Problem requirements →
Exactly as written, copy the lines that run from the start of the data below to the line containing "Adiantum X Mairisii", both ends included.

Records →

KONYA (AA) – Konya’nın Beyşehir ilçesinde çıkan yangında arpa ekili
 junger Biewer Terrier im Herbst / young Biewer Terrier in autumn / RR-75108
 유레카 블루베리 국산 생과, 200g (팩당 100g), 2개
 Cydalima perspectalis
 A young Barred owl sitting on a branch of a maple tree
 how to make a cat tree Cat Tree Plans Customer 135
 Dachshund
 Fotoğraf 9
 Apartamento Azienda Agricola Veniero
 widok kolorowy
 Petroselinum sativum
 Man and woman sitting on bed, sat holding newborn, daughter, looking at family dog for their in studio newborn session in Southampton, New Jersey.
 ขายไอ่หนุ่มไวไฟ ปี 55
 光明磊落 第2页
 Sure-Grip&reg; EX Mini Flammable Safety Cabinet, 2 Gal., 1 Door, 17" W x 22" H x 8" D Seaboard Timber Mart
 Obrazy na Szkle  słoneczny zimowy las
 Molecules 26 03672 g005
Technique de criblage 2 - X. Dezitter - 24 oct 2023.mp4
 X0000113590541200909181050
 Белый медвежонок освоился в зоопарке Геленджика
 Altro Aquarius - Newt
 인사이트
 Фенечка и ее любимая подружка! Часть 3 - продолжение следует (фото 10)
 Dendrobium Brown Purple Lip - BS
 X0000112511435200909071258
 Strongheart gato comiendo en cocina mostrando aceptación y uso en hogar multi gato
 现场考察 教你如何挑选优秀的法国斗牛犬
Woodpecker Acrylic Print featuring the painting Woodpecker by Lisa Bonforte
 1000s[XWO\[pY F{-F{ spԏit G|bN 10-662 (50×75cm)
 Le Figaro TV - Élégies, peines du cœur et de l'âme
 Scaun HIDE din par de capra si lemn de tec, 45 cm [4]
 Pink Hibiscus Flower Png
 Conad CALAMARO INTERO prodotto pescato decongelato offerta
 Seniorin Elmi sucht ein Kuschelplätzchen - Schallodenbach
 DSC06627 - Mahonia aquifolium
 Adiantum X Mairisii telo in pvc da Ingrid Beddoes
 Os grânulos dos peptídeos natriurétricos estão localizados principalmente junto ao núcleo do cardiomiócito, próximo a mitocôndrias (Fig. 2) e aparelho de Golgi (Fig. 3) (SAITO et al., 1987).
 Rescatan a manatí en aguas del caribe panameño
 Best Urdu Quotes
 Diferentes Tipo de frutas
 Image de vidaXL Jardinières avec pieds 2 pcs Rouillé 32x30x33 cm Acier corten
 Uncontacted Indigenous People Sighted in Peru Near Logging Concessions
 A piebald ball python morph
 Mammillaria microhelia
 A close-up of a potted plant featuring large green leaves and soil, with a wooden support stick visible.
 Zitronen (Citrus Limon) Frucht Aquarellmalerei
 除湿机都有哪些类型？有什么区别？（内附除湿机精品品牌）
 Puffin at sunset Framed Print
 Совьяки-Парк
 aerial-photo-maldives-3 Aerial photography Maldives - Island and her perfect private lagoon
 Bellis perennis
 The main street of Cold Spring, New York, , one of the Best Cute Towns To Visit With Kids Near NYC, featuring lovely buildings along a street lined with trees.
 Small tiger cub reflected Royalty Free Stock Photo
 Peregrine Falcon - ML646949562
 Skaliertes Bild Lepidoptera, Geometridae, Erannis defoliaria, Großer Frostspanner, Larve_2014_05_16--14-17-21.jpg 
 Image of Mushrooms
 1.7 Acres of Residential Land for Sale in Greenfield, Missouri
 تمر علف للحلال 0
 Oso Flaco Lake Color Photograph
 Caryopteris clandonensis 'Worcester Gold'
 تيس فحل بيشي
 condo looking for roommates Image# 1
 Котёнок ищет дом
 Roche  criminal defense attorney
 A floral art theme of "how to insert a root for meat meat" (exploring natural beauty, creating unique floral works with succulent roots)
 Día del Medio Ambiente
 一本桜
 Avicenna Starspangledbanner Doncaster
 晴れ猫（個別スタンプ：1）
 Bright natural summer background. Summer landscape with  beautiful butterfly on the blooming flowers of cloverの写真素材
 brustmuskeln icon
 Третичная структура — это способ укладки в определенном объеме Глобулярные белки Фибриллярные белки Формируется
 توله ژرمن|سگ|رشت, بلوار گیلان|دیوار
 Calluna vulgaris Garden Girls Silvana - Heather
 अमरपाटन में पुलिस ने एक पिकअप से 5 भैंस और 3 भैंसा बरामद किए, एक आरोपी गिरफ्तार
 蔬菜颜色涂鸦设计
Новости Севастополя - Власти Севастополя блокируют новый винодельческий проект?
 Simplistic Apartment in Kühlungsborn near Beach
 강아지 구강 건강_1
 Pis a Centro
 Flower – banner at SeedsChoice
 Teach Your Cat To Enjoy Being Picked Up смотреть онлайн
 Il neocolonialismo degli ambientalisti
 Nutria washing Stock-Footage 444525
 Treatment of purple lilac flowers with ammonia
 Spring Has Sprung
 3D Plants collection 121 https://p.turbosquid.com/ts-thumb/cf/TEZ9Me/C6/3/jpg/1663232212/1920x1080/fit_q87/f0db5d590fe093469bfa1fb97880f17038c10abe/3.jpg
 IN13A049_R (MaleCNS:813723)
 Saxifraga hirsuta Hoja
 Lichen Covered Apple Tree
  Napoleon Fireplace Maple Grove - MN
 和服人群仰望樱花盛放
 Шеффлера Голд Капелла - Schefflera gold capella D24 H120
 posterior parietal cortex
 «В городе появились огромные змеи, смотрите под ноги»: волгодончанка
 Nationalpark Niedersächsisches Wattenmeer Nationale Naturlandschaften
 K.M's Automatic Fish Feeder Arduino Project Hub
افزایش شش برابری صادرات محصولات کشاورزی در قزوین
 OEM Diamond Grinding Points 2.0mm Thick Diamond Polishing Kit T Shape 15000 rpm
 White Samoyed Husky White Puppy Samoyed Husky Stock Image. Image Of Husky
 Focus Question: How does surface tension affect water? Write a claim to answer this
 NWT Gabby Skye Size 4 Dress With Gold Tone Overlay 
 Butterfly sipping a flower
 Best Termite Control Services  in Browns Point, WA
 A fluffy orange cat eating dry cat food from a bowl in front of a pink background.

Answer to this task →
KONYA (AA) – Konya’nın Beyşehir ilçesinde çıkan yangında arpa ekili
 junger Biewer Terrier im Herbst / young Biewer Terrier in autumn / RR-75108
 유레카 블루베리 국산 생과, 200g (팩당 100g), 2개
 Cydalima perspectalis
 A young Barred owl sitting on a branch of a maple tree
 how to make a cat tree Cat Tree Plans Customer 135
 Dachshund
 Fotoğraf 9
 Apartamento Azienda Agricola Veniero
 widok kolorowy
 Petroselinum sativum
 Man and woman sitting on bed, sat holding newborn, daughter, looking at family dog for their in studio newborn session in Southampton, New Jersey.
 ขายไอ่หนุ่มไวไฟ ปี 55
 光明磊落 第2页
 Sure-Grip&reg; EX Mini Flammable Safety Cabinet, 2 Gal., 1 Door, 17" W x 22" H x 8" D Seaboard Timber Mart
 Obrazy na Szkle  słoneczny zimowy las
 Molecules 26 03672 g005
Technique de criblage 2 - X. Dezitter - 24 oct 2023.mp4
 X0000113590541200909181050
 Белый медвежонок освоился в зоопарке Геленджика
 Altro Aquarius - Newt
 인사이트
 Фенечка и ее любимая подружка! Часть 3 - продолжение следует (фото 10)
 Dendrobium Brown Purple Lip - BS
 X0000112511435200909071258
 Strongheart gato comiendo en cocina mostrando aceptación y uso en hogar multi gato
 现场考察 教你如何挑选优秀的法国斗牛犬
Woodpecker Acrylic Print featuring the painting Woodpecker by Lisa Bonforte
 1000s[XWO\[pY F{-F{ spԏit G|bN 10-662 (50×75cm)
 Le Figaro TV - Élégies, peines du cœur et de l'âme
 Scaun HIDE din par de capra si lemn de tec, 45 cm [4]
 Pink Hibiscus Flower Png
 Conad CALAMARO INTERO prodotto pescato decongelato offerta
 Seniorin Elmi sucht ein Kuschelplätzchen - Schallodenbach
 DSC06627 - Mahonia aquifolium
 Adiantum X Mairisii telo in pvc da Ingrid Beddoes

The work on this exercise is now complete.